Mechanical stretch sustains myofibroblast phenotype and function in microtissues through latent TGF-β1 activation.

Developing methods to study tissue mechanics and myofibroblast activation may lead to new targets for therapeutic treatments that are urgently needed for fibrotic disease. Microtissue arrays are a promising approach to conduct relatively high-throughput research into fibrosis as they recapitulate key biomechanical aspects of the disease through a relevant 3D extracellular environment. In early work, our group developed a device called the MVAS-force to stretch microtissues while enabling simultaneous assessment of their dynamic mechanical behavior. Here, we investigated TGF-β1-induced fibroblast to myofibroblast differentiation in microtissue cultures using our MVAS-force device through assessing α-SMA expression, contractility and stiffness. In doing so, we linked cell-level phenotypic changes to functional changes that characterize the clinical manifestation of fibrotic disease. As expected, TGF-β1 treatment promoted a myofibroblastic phenotype and microtissues became stiffer and possessed increased contractility. These changes were partially reversible upon TGF-β1 withdrawal under a static condition, while, in contrast, long-term cyclic stretching maintained myofibroblast activation.
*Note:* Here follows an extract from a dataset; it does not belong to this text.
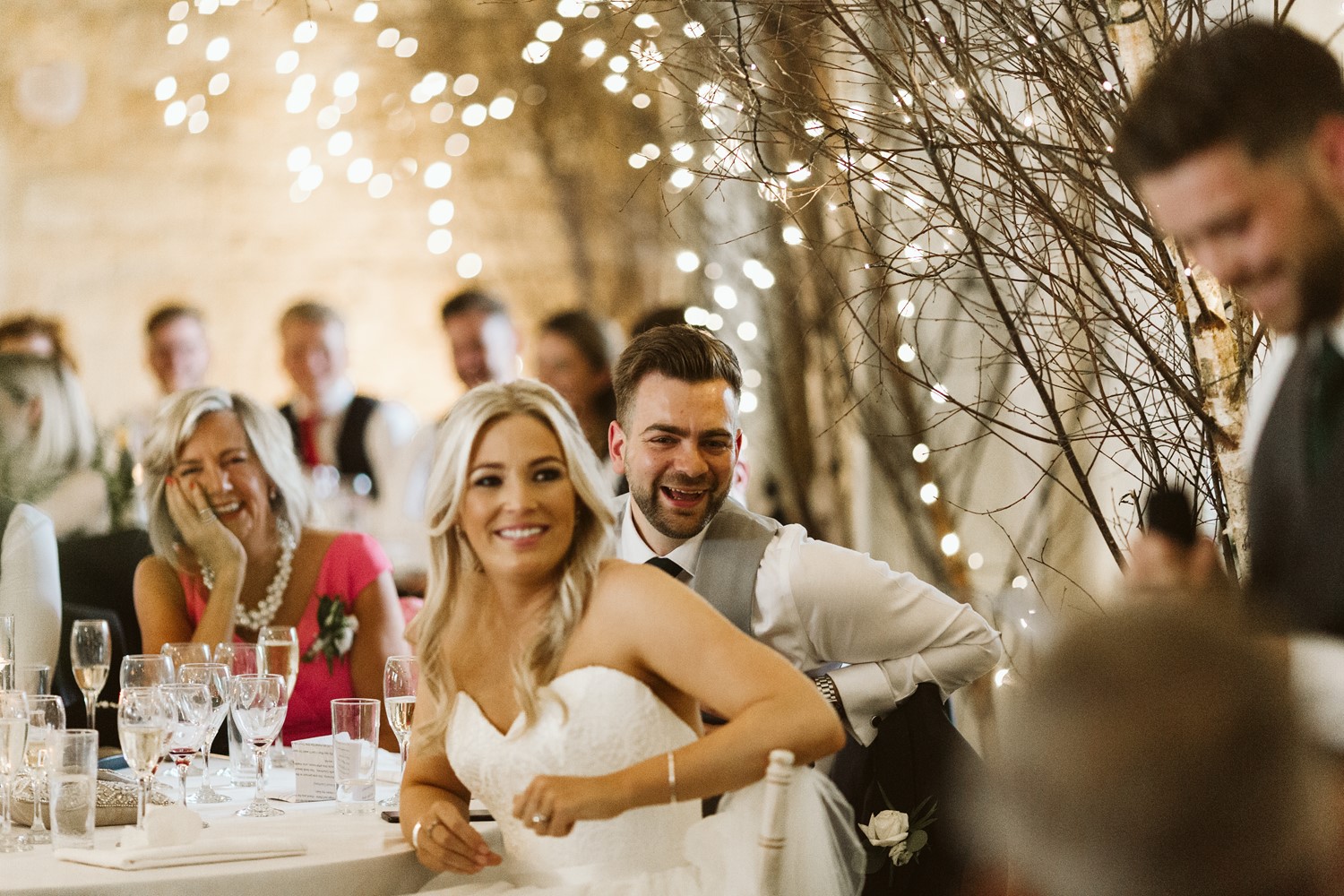 Bride and groom listening to speeches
This pro-fibrotic effect of mechanical stretching was absent when TGF-β1 receptors were inhibited. Furthermore, stretching promoted myofibroblast differentiation when microtissues were given latent TGF-β1. Altogether, these results suggest that external mechanical stretch may activate latent TGF-β1 and, accordingly, might be a powerful stimulus for continued myofibroblast activation to progress fibrosis. Further exploration of this pathway with our approach may yield new insights into myofibroblast activation and more effective therapeutic treatments for fibrosis.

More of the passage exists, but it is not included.